C. M. MAYO
Miraculous Air: Journey of a Thousand Miles
through Baja California, the Other Mexico
C.M. Mayo < About C.M. Mayo < Interviews < or Miraculous Air < Q & A <

Baja Afresh:
West Side Stories: Mayo Publishes Her Memories of Baja California by Louis Jacobson

The Washington City Paper, Washington DC, August 2002 © Louis Jacobson. Posted by permission of the author.


During the mid-'90s, when author C.M. Mayo was living in Mexico City, the capital was in a seemingly unshakable funk. President Carlos Salinas de Gortari had slipped into scandal-ridden retirement. The leading presidential candidate, Luis Donoldo Colosio, had been gunned down while campaigning. Crime, both drug-linked and petty, was soaring. The peso had been devalued.

Mayo decided that she needed to see Mexico from a different perspective, if only to clear her head. So she decided to visit Baja California, the mountainous, 1,000-mile-long peninsula on Mexico's Pacific coast. "I was incredibly curious," Mayo says. "I had been to a resort city in Baja, but I didn't know what lay beyond it. I could see the mountains, and I was told that people lived in there and hunted deer to survive. It was all very mysterious. I said to myself, I don't know about this place, but I need to."

Mayo, who now alternates between homes in Mexico City and Washington, eventually returned to Baja for weeks at a time, over a period of four years. Her memoir of these visits, Miraculous Air: Journey of a Thousand Miles through Baja California, the Other Mexico, will be published this fall. [update 2007: paperback edition now available]

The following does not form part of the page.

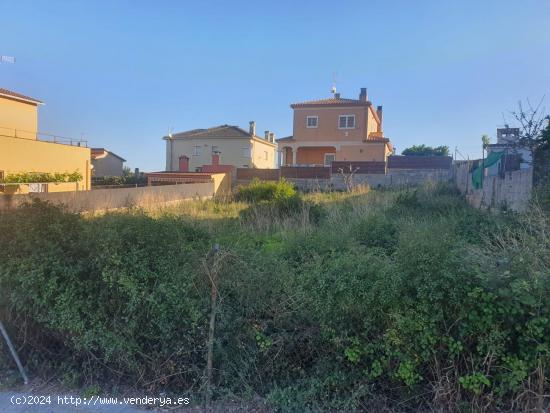 FABULOSO TERRENO EN NOU VENDRELL - TARRAGONA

Baja California is as distant from cosmopolitan Mexico City as Appalachia is from Washington. "In a literal sense," she says, "it's a parallel Mexico, lying across the Sea of Cortez from the mainland." Outside the handful of resort cities that dot the coast and the teeming border cities of Tijuana and Mexicali, Baja is a land of subsistence ranches, where people raise goats and, if they're able to, limes and oranges. Though the peninsula's population is roughly 2.8 million, Tijuana and Mexicali account for three-quarters of that total. In the rest of Baja, long-running family ties mean that everybody seems to know everybody else.

Mayo sometimes visited Baja alone, sometimes with her sister. They stayed in nice hotels, private homes, tents— and occasionally, she says, "a few hotels where I did not want to touch the sheets." Mayo set up meetings in advance, but she often found that the most interesting conversations were the ones that happened by chance. Once, she wanted to see a remote, abandoned Jesuit mission; a rancher volunteered to serve as her guide, but the trip never materialized because her guide couldn't locate a mule.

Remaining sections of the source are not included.